At Loudoun Academy, young people from S1 explored this year’s theme ‘Be the light in the darkness’ as part of their online learning in social subjects. Led by Mrs McLaughlin, Acting PT of Social Subjects, the young people used their knowledge of the historical period to interpret evidence and present an informed view. They studied groups who have experienced inequality and action that has been taken to address this inequality globally.
The young people also learned key skills and strategies to support them during challenging times, particularly in relation to change and loss. They created candles of hope and shared stories about the people in their lives who have helped create light, particularly during the pandemic.
Jack from S1 wrote - “Light up the darkness. I would like to take this moment to try light peoples’ weeks because we aren’t getting to see loved ones and friends and it’s a hard time but let’s look to when this is all going to be done and think of it this way.. you are getting to spend time with mums and dads and when it’s all done we will get to see everyone so let’s be happy and all stay safe.”
Another young person wrote - “My mum is my light in the darkness. She is the one I chose to be on my candle of hope because she helps me and my siblings every day. Now because of Covid she has to help us do home school by herself cause my dad is at work. She is going from an S1 to a P6 to a P1 and sometimes an S4 teacher. She is the best mum ever.”
At Doon Academy Mrs Nicol, PT of Social Subjects, worked closely with Ayrshire Chamber of Commerce on their plans to recognise Holocaust Memorial Day.

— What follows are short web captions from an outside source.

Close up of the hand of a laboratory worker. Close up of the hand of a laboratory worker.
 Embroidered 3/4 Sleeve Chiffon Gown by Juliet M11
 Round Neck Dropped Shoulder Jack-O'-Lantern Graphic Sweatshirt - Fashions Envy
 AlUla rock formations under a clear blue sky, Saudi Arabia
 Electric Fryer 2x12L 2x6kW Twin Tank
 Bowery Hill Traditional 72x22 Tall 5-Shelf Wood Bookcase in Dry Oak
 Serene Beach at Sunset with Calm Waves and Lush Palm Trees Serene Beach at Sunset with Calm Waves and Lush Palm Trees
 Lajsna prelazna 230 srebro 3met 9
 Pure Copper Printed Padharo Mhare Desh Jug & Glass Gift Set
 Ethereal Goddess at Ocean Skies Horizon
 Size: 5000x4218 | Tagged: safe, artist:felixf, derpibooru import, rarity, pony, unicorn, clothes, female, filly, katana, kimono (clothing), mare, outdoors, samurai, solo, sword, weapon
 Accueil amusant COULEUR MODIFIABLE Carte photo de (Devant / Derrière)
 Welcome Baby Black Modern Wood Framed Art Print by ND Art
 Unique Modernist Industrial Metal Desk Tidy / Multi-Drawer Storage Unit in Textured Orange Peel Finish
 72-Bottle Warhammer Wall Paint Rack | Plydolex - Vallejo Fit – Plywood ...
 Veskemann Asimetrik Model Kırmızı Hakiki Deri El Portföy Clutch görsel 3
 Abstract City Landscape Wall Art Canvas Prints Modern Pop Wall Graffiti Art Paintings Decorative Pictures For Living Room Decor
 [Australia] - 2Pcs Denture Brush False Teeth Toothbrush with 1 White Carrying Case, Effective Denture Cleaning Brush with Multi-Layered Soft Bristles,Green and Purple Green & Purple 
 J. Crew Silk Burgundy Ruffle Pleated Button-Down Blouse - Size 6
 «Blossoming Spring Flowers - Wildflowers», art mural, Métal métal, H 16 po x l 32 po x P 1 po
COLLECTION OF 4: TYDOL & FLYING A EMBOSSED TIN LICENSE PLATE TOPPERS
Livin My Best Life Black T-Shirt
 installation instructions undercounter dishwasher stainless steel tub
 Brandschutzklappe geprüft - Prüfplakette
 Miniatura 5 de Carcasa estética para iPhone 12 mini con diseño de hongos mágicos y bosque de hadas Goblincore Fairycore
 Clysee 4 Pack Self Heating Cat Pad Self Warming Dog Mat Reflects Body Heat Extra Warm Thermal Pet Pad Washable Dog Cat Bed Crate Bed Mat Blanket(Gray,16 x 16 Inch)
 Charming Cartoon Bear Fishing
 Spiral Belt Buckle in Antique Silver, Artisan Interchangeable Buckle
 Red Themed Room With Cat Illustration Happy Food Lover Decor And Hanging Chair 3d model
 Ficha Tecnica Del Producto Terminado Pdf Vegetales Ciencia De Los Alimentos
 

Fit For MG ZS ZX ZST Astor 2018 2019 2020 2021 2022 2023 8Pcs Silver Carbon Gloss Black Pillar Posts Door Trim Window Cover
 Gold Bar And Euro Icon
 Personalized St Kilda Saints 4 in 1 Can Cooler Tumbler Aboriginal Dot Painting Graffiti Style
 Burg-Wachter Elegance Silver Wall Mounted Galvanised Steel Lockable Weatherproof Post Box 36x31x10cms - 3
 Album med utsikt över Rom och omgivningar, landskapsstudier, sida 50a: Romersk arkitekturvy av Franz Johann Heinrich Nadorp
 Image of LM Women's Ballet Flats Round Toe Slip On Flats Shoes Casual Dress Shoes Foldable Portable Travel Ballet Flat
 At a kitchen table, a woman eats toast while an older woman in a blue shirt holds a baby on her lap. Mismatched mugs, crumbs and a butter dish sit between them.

The Chamber had helped to create a video about the life of Martin Anson, told by his son Steven, who escaped Nazi persecution eventually settling in Glasgow. The incredible, and very moving, video was shared with our young people and is still available to watch online https://vimeo.com/showcase/8036163
The young people also worked on a task called ‘Why Remember’, which challenged them to consider conflict and the consequences for society then and now.
At Park School, secondary pupils watched a live Holocaust survivor webcast as part of their recognition of Holocaust Memorial Day.
Councillor Fiona Campbell, Cabinet Member for Skills and Learning said: “I felt that it was very important to share the work our young people having being carrying out at home and in school in recognition of Holocaust Memorial Day. This year’s theme – ‘Be the light in the darkness’ really hit a chord. It gave our teachers the opportunity to lead our young people through the terrible pain and suffering caused by Holocausts across the world while helping them to find ways to cope with the darkness they experience in their own lives.
“The candles of hope created by our young people, their artwork and their kind words about the important people in their lives, is very inspiring. My wonderful family and my beloved dog Teddy, brings light to the darkness and I am very grateful to them all.
“Amanda Gorman read one of her poems at Joe Biden’s inauguration. She said: “For there is always light, if only we’re brave enough to see it, if only we’re brave enough to be it.” Let’s all be brave and light the way for those around us who are struggling at this very difficult time.”
Clare Maitland, Cabinet Member for Equalities, Inclusion and Poverty said: “Holocaust Memorial Day is a time to remember the six million people murdered in the Holocaust, under Nazi Persecution, and in the genocides that followed in Cambodia, Rwanda, Bosnia, Darfur and now Myanmar. Myanmar’s Rohingya Muslims have been described by the United Nations as the most discriminated people in the world and the action of Myanmar’s army as a ‘textbook example of ethnic cleansing’.
“Each year the Holocaust Memorial Day Trust choose a theme and this year’s theme ‘Be the light in the darkness’ provided an opportunity to reflect on the terrible tragedies that have occurred but also the ways we can resist as individuals and communities. ’Be the light in the darkness’ is a call to action for all of us.
“Despite the pandemic, our schools have continued to show their support for Holocaust Memorial Day and I am very grateful to our teachers, parents and carers. Education is key to ensuring that our young people have a path to follow, one that is well lit and never returns to darkness. We all have a role to play, we all have to be brave and do what we can to challenge inequality and persecution.”